O.K. Harris Gallery, New York.
Price in an art lottery 1975 at Törnbloms Annonsbyrå, Stockholm.
Private Collection, Stockholm.
Richard Pettibone’s version of Roy Lichtenstein’s ”The Artist's Studio: The Dance, 1974” is an excellent example of American appropriation art. Pettibone was one of the pioneers of this genre. For more than 40 years, he has produced precise postcard-sized paintings, copies of familiar masterworks by contemporary artists. His works include tiny versions of Warhol’s soup tins, Lichtenstein’s cartoon panels and Mondrian’s right angles. In his art that represents art, Pettibone seeks to ask questions such as: Who owns an artistic idea? What is originality? His art has played a major role in the mix of inspiration, borrowing and recycling that makes up postmodernist art.

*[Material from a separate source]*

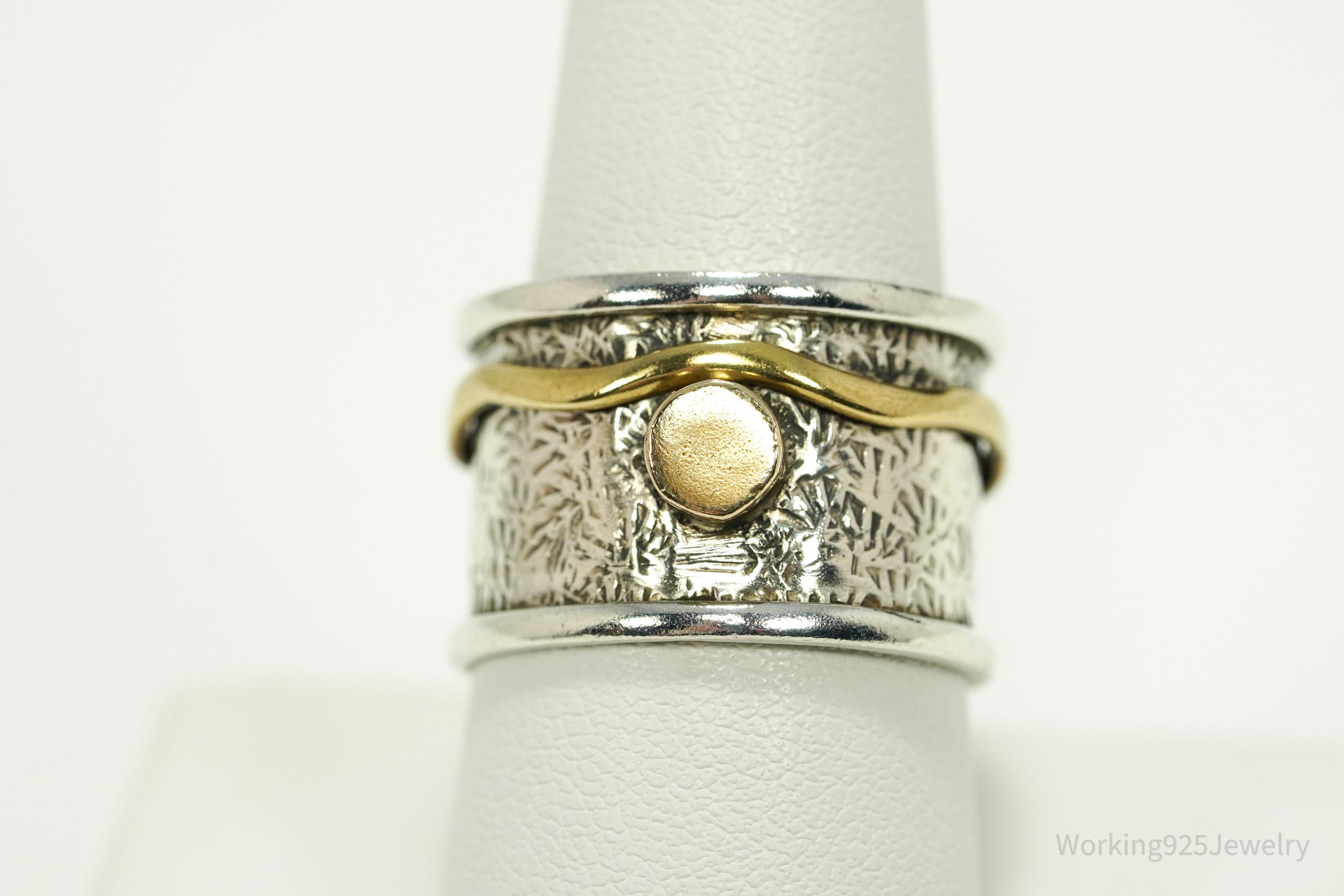 Vintage Brass Sterling Silver Band Ring- Size 9.75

Artists who work with appropriation art deliberately copy existing images and works of art to transform them into their own art. This is not theft or plagiarism as they do not claim to be the originators of these pictures. Instead appropriation artists want the audience to recognize the pictures they have recreated and transfer the context and their associations from this subject to the new work, whether this is a painting, a sculpture, a collage, an object or an entire installation.
Pettibone started producing exact copies of existing works of art in miniature format in 1964. He based the size of the work on pictures he had seen in magazines, such as Art Forum, and then reproduced them with pedantic accuracy, recreating the process of the original artist and then mounting the canvases on frames.